We can do several things to clean this up.
- We’ll change the color of the lines for each bar of the histogram.
- We’ll change the fill inside each bar to make them stand out a bit more.
- We’ll add a title and relabel the horizontal (x) axis to include the units of measurement.
- We’ll avoid the warning by selecting a number of bins (we’ll use 25 here) into which we’ll group the heights before drawing the histogram.
ggplot(data = nh_data_2179, aes(x = Height)) +
geom_histogram(bins = 25, col = "yellow", fill = "blue") +
labs(title = "Height of NHANES subjects ages 21-79",
x = "Height in cm.")
3.6.1 Changing a Histogram’s Fill and Color
The CWRU color guide (https://case.edu/umc/our-brand/visual-guidelines/) lists the HTML color schemes for CWRU blue and CWRU gray. Let’s match that color scheme.
cwru.blue <- '#0a304e'
cwru.gray <- '#626262'
ggplot(data = nh_data_2179, aes(x = Height)) +
geom_histogram(binwidth = 2, col = cwru.gray, fill = cwru.blue) +
labs(title = "Height of NHANES subjects ages 21-79",
x = "Height in cm.") +
theme_bw()
Note the other changes to the graph above.

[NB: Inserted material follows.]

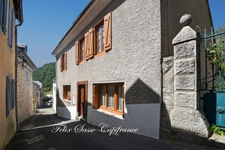 Viella, charmante maison de village T7 avec un beau potentiel et vue panoramique !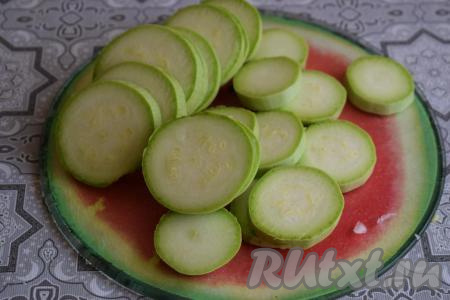 Кабачки очистить от кожицы (если используете молодые кабачки, то можно их не очищать) и нарезать на кружочки толщиной, примерно, 6-7 мм.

- We changed the theme to replace the gray background.
- We changed the bins for the histogram, to gather observations into groups of 2 cm. each.
3.7 Height and Gender
ggplot(data = nh_data_2179, aes(x = Gender, y = Height, color = Gender)) +
geom_point() +
labs(title = "Height by Gender for NHANES subjects ages 21-79",
y = "Height in cm.")
This plot isn’t so useful. We can improve things a little by jittering the points horizontally, so that the overlap is reduced.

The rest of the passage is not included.